• [Task instructions] Give back only the lines in the records below from the one with "2022 Ford Mustang GT Premium" to the one with "Product of BAK", both inclusive, word for word.

[Stored dataset items]
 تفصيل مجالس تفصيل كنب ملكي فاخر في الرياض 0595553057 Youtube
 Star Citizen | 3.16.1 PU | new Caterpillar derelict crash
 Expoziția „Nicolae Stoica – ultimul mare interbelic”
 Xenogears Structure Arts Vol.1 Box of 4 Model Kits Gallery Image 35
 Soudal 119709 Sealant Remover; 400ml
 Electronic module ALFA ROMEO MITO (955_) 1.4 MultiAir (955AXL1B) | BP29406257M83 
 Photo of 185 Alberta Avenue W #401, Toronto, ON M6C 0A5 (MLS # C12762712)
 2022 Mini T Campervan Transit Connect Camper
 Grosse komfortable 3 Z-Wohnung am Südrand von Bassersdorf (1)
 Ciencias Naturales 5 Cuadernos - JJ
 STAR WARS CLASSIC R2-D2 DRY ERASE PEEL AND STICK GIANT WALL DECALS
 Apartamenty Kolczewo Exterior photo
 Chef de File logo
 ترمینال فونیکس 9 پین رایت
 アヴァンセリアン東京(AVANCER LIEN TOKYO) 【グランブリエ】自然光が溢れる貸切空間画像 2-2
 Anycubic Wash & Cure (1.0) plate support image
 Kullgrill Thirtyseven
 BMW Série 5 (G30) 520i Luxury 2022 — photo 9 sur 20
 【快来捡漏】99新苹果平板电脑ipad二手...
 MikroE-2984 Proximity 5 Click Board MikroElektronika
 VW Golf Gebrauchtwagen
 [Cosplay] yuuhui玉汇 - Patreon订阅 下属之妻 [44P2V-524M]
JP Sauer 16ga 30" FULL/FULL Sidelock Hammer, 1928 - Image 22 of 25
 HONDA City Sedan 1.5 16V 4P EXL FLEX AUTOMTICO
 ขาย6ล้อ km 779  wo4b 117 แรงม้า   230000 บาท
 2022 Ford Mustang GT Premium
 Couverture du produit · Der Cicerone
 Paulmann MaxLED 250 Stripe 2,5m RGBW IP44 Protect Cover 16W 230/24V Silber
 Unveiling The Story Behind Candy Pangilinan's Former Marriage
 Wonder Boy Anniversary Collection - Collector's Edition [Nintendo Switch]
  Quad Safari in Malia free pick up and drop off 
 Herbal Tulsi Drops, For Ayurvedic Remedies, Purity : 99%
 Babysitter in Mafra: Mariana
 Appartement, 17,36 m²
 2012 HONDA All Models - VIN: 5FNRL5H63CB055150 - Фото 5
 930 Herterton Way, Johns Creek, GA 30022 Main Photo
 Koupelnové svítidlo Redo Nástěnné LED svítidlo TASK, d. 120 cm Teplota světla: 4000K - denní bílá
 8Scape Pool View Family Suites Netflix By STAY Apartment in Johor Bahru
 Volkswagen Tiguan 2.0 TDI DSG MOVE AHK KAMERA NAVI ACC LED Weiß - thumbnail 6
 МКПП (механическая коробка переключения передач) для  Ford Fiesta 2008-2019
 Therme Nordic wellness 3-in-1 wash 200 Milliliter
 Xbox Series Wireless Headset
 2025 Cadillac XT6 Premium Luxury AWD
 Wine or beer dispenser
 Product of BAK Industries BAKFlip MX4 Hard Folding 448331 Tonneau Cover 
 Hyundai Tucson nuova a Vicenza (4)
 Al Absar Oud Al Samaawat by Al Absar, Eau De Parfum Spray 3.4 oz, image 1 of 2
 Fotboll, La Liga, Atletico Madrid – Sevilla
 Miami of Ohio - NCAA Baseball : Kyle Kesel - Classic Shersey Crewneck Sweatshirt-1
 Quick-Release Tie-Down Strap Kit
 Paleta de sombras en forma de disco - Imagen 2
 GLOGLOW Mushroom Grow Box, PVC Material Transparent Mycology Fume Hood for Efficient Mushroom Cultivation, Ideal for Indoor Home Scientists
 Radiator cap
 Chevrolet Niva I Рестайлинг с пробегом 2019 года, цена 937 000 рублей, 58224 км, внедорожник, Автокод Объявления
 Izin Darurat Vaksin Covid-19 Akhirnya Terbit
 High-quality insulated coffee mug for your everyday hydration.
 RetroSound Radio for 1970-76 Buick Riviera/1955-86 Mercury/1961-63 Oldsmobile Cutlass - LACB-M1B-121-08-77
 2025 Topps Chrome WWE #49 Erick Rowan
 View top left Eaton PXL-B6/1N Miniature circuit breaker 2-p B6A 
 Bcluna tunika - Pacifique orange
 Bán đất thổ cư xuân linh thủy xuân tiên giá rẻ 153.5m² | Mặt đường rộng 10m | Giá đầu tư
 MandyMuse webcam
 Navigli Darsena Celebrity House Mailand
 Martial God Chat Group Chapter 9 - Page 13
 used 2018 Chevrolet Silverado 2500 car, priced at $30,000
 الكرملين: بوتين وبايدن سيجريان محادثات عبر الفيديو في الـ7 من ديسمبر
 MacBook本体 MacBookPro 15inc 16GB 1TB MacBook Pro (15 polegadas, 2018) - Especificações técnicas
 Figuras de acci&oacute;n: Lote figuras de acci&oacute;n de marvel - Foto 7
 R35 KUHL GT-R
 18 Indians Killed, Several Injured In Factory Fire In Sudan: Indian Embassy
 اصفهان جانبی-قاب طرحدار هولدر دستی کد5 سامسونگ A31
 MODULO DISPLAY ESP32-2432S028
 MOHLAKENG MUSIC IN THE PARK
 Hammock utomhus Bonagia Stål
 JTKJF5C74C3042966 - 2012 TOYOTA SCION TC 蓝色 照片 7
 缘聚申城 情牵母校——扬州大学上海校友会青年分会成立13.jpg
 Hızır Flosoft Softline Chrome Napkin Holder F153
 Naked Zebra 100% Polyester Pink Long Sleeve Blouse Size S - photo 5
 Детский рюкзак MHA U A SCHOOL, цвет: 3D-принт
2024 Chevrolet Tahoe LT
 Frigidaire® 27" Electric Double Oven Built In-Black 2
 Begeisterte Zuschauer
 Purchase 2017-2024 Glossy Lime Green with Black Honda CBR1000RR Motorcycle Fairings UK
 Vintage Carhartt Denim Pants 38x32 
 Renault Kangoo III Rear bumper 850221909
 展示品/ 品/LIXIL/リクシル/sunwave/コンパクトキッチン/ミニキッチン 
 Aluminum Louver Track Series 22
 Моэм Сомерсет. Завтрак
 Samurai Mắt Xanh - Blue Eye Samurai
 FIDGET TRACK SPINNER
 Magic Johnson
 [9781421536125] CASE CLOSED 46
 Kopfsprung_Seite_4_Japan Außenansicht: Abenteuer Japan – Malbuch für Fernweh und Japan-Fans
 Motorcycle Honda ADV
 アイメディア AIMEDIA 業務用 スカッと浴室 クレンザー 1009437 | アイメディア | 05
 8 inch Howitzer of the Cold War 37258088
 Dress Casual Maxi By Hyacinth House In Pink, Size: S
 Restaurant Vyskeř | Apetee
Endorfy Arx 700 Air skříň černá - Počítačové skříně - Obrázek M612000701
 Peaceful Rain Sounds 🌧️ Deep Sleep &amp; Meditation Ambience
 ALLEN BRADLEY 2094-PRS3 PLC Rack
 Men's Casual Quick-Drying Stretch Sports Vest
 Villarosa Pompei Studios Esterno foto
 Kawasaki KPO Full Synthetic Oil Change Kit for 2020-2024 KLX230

• [Task result]
 2022 Ford Mustang GT Premium
 Couverture du produit · Der Cicerone
 Paulmann MaxLED 250 Stripe 2,5m RGBW IP44 Protect Cover 16W 230/24V Silber
 Unveiling The Story Behind Candy Pangilinan's Former Marriage
 Wonder Boy Anniversary Collection - Collector's Edition [Nintendo Switch]
  Quad Safari in Malia free pick up and drop off 
 Herbal Tulsi Drops, For Ayurvedic Remedies, Purity : 99%
 Babysitter in Mafra: Mariana
 Appartement, 17,36 m²
 2012 HONDA All Models - VIN: 5FNRL5H63CB055150 - Фото 5
 930 Herterton Way, Johns Creek, GA 30022 Main Photo
 Koupelnové svítidlo Redo Nástěnné LED svítidlo TASK, d. 120 cm Teplota světla: 4000K - denní bílá
 8Scape Pool View Family Suites Netflix By STAY Apartment in Johor Bahru
 Volkswagen Tiguan 2.0 TDI DSG MOVE AHK KAMERA NAVI ACC LED Weiß - thumbnail 6
 МКПП (механическая коробка переключения передач) для  Ford Fiesta 2008-2019
 Therme Nordic wellness 3-in-1 wash 200 Milliliter
 Xbox Series Wireless Headset
 2025 Cadillac XT6 Premium Luxury AWD
 Wine or beer dispenser
 Product of BAK Industries BAKFlip MX4 Hard Folding 448331 Tonneau Cover 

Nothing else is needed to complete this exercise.